*** Source records ***

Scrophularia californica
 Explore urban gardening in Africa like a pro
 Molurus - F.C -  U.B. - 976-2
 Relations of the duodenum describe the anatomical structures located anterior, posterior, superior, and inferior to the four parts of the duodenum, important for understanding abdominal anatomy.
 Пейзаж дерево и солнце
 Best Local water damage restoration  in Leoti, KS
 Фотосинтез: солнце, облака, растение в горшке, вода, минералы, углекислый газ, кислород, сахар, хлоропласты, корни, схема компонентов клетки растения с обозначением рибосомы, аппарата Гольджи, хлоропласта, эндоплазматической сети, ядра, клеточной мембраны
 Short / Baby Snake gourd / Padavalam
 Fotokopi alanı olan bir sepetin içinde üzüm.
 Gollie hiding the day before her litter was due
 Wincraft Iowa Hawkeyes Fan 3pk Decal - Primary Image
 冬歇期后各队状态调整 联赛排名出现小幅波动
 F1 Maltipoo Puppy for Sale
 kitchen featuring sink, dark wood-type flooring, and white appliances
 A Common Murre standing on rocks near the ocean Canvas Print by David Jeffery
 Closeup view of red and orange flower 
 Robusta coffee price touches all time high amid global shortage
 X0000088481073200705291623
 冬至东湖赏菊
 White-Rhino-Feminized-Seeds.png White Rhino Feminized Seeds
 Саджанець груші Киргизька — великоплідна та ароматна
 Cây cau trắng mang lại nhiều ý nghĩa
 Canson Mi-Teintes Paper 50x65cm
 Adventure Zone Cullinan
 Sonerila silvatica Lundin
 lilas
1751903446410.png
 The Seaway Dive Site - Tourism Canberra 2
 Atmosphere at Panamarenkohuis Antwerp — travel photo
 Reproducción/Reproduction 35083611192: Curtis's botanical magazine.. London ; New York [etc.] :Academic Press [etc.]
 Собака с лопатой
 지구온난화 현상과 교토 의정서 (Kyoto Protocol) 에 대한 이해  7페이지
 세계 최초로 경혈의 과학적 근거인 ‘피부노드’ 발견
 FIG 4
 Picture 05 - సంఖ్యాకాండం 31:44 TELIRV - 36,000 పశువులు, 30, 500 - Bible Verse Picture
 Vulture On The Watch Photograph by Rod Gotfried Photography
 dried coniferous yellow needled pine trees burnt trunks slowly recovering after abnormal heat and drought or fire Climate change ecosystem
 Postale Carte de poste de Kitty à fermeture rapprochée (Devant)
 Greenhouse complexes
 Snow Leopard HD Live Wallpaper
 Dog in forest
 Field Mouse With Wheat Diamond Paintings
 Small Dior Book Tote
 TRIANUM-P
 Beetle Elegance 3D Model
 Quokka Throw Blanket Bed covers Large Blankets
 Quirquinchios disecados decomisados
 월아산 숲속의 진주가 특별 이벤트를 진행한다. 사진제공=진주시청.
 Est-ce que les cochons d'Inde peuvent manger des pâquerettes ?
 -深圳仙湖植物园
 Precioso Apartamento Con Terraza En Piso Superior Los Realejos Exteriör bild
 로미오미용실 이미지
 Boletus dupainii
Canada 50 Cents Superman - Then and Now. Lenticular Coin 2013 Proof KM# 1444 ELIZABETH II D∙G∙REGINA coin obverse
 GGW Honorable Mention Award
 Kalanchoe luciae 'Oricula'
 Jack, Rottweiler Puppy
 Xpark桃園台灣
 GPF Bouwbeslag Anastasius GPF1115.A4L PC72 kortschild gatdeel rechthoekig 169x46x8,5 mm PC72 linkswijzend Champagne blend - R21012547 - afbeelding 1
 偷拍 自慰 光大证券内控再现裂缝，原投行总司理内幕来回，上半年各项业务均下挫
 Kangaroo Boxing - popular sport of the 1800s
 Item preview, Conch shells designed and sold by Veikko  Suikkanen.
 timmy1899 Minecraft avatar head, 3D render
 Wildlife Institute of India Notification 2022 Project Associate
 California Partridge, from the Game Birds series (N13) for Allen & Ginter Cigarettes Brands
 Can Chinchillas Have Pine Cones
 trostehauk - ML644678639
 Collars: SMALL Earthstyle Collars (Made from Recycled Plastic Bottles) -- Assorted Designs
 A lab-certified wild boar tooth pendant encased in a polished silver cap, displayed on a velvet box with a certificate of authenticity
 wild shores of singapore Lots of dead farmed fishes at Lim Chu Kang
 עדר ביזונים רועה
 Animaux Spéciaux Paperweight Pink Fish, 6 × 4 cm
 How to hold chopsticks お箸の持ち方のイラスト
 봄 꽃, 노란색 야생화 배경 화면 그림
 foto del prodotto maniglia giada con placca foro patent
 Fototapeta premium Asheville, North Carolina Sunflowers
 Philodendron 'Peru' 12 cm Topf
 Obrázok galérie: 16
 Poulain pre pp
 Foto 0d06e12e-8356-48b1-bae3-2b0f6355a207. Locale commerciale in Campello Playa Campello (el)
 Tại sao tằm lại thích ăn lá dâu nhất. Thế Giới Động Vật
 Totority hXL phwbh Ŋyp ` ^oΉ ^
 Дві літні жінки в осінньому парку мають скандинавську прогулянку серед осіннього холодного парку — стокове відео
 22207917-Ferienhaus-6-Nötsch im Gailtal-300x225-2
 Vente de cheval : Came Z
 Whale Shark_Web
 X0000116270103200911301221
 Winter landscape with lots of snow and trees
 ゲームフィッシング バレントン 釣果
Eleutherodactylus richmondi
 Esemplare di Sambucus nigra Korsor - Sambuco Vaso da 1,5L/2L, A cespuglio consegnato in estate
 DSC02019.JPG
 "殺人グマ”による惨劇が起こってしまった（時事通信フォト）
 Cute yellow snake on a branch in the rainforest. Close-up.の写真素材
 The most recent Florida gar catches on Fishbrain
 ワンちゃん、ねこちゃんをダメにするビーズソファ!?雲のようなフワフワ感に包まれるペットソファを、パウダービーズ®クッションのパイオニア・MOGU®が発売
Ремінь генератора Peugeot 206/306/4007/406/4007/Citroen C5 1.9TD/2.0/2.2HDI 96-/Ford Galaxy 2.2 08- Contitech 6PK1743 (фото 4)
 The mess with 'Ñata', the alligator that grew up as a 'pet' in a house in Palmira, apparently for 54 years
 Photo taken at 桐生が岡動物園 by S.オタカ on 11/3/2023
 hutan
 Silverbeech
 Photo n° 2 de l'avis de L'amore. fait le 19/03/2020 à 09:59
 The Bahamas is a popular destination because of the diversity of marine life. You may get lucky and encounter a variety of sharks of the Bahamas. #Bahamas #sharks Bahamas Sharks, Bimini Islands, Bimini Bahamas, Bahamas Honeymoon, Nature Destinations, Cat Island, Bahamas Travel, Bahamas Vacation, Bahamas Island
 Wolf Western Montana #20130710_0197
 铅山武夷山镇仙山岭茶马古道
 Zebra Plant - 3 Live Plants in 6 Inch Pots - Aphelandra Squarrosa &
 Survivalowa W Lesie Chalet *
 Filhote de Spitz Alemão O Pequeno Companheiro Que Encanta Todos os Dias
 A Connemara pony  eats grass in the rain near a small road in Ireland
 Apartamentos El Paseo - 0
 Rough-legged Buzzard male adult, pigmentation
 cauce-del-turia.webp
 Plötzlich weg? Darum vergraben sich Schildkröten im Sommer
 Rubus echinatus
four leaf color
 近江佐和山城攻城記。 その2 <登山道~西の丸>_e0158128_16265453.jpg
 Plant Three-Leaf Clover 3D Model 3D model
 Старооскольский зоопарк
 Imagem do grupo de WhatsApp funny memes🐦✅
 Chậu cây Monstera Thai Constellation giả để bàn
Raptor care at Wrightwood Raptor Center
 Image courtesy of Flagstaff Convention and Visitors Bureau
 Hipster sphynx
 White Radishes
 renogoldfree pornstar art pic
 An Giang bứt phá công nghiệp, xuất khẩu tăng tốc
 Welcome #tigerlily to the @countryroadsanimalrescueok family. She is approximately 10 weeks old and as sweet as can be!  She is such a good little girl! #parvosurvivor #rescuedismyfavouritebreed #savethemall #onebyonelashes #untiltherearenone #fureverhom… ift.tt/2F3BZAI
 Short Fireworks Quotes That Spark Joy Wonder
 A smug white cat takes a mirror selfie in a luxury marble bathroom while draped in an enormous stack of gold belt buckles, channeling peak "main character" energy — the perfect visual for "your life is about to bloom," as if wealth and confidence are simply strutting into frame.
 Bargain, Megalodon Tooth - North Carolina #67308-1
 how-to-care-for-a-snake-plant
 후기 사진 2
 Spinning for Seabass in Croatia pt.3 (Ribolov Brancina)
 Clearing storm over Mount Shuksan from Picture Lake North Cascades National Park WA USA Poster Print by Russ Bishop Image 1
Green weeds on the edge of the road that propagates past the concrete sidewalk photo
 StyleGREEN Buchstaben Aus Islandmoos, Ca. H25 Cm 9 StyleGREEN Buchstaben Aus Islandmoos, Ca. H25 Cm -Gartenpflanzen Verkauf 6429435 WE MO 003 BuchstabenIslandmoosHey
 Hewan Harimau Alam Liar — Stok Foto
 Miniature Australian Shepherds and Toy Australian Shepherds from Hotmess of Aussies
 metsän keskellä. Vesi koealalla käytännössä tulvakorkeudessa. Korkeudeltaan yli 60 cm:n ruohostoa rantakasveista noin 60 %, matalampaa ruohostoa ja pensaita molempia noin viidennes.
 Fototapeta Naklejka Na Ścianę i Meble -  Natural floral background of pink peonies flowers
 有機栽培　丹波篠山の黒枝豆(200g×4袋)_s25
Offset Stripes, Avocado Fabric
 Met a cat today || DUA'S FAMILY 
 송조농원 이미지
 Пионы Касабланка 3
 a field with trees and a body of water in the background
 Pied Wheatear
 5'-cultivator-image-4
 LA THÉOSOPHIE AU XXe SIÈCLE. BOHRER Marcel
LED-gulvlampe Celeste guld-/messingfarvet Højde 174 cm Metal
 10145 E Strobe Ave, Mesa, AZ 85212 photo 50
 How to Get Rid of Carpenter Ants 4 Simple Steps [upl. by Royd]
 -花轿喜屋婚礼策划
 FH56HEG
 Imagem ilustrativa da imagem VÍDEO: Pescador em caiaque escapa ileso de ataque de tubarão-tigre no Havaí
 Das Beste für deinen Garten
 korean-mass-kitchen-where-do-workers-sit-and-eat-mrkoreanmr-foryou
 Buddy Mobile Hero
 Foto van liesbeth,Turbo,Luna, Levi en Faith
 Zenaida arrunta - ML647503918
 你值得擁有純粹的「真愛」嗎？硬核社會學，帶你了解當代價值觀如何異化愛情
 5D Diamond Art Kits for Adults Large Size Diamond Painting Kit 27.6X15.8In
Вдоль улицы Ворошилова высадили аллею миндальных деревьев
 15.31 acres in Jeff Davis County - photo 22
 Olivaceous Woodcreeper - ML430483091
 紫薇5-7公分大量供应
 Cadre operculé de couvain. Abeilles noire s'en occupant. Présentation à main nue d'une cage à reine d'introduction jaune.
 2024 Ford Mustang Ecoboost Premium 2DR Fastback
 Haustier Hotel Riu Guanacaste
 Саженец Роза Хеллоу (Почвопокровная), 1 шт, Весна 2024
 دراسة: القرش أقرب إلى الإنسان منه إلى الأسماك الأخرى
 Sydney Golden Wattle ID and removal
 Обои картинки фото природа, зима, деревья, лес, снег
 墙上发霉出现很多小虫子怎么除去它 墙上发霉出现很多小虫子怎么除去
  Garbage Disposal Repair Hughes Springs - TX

*** End of Source records ***

_About this exercise_
Beginning with the line above that contains "봄 꽃, 노란색 야생화 배경 화면 그림", copy each line exactly up to and including the line that contains "Ремінь генератора Peugeot", and go no further.

_Exercise answer_
 봄 꽃, 노란색 야생화 배경 화면 그림
 foto del prodotto maniglia giada con placca foro patent
 Fototapeta premium Asheville, North Carolina Sunflowers
 Philodendron 'Peru' 12 cm Topf
 Obrázok galérie: 16
 Poulain pre pp
 Foto 0d06e12e-8356-48b1-bae3-2b0f6355a207. Locale commerciale in Campello Playa Campello (el)
 Tại sao tằm lại thích ăn lá dâu nhất. Thế Giới Động Vật
 Totority hXL phwbh Ŋyp ` ^oΉ ^
 Дві літні жінки в осінньому парку мають скандинавську прогулянку серед осіннього холодного парку — стокове відео
 22207917-Ferienhaus-6-Nötsch im Gailtal-300x225-2
 Vente de cheval : Came Z
 Whale Shark_Web
 X0000116270103200911301221
 Winter landscape with lots of snow and trees
 ゲームフィッシング バレントン 釣果
Eleutherodactylus richmondi
 Esemplare di Sambucus nigra Korsor - Sambuco Vaso da 1,5L/2L, A cespuglio consegnato in estate
 DSC02019.JPG
 "殺人グマ”による惨劇が起こってしまった（時事通信フォト）
 Cute yellow snake on a branch in the rainforest. Close-up.の写真素材
 The most recent Florida gar catches on Fishbrain
 ワンちゃん、ねこちゃんをダメにするビーズソファ!?雲のようなフワフワ感に包まれるペットソファを、パウダービーズ®クッションのパイオニア・MOGU®が発売
Ремінь генератора Peugeot 206/306/4007/406/4007/Citroen C5 1.9TD/2.0/2.2HDI 96-/Ford Galaxy 2.2 08- Contitech 6PK1743 (фото 4)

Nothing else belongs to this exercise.